Pride & Rebellion Are Always Partners

Numbers 16:1-3, "Now Korah, the son of Izhar, the son of Kohath, the son of Levi, and Dathan and Abiram, the sons of Eliab, and On, the son of Peleth, sons of Reuben, took men: And they rose up before Moses, with certain of the children of Israel, two hundred and fifty princes of the assembly, famous in the congregation, men of renown: And they gathered themselves together against Moses and against Aaron, and said unto them, Ye take too much upon you, seeing all the congregation are holy, every one of them, and the LORD is among them: wherefore then lift ye up yourselves above the congregation of the LORD?"


I don't know of many things that could be more negative and destructive to the cause of Christ than pride and rebellion. Moses had been called by God to lead the children of Israel, and Aaron had also been chosen by the LORD, to be the official priestly representative in the ministry of the tabernacle.  One of the Levites, Korah by name, brought a group of men, who decided they were going to elevate themselves to a position they had not been given by the Lord, and this deed of pride and rebellion was in direct opposition to the LORD, to Moses, and to Aaron, His called servants. 

God works through structured leadership, God calls people to various positions, and expects His people to submit to His ordained leaders.  I have seen people who wanted to complain and rise up against God's chosen leaders rather than cooperate and promote harmony, submission and teamwork in a church environment.  Korah developed this attitude of pride and rebellion and for some reason thought God would bless His actions. Nothing is further from the truth, and God opened the ground underneath these men and their families to remove their rebellious pride from among the congregation. (vs. 16:32) This was God's way of not only judging the sin of Korah and his rebels, but it was also God's way of instilling fear in those who remained to see the judgment. 

On two occasions in Hebrews 13 we are commanded how to respond to those who rule (oversee) our spiritual lives.  Hebrews 13:7, "Remember them which have the rule over you, who have spoken unto you the word of God: whose faith follow, considering the end of their conversation."  In Hebrews 13:17, "Obey them that have the rule over you, and submit yourselves: for they watch for your souls, as they that must give account, that they may do it with joy, and not with grief: for that is unprofitable for you."  Lastly in the book of 1 Thessalonians 5:12-13, "...we beseech you, brethren, to know them which labour among you, and are over you in the Lord, and admonish you; And to esteem them very highly in love for their work's sake.  And be at peace among yourselves."

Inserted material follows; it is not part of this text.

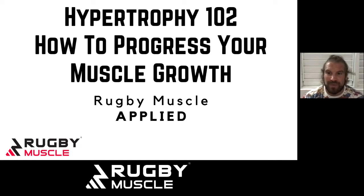What's going on everybody? Welcome back to another brand new Rugby Muscle Podcast. I'm your host as always, TJ, and we are today continuing this series of Rugby Muscle Applied — a hypertrophy-specific series. So we're on to Hypertrophy 102: how to progress your muscle growth.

It is important that we understand that God works through structured leadership. He calls people to certain positions to labor among us, they are separated by Him to these positions, and God's expectation is for His people to follow their faith, to respond in obedience and submission, and highly esteem them in love for the work they do for the Lord and His people. Korah obviously missed God's will when he rose up against Moses and Aaron.  Godly leaders are not perfect, but they are chosen, and we need to make sure not to rise up against them, we need to work in harmony to achieve the will of God.

Your Friend and HIS,
Pastor Abbott

1.  How do you view God ordained authorities?  What struggles might you have in obeying their leadership?

2.  Have you ever rebelled against God's authority?  Did you have other avenues you God have pursued?  What would you do differently today?

3.  Write a brief summary of your understanding of Hebrews 13:7 and 13:17.  Does this change your opinion concerning God ordained leadership?

4.  What two things should you do in response to godly authority according to 1 Thessalonians 5:12-13?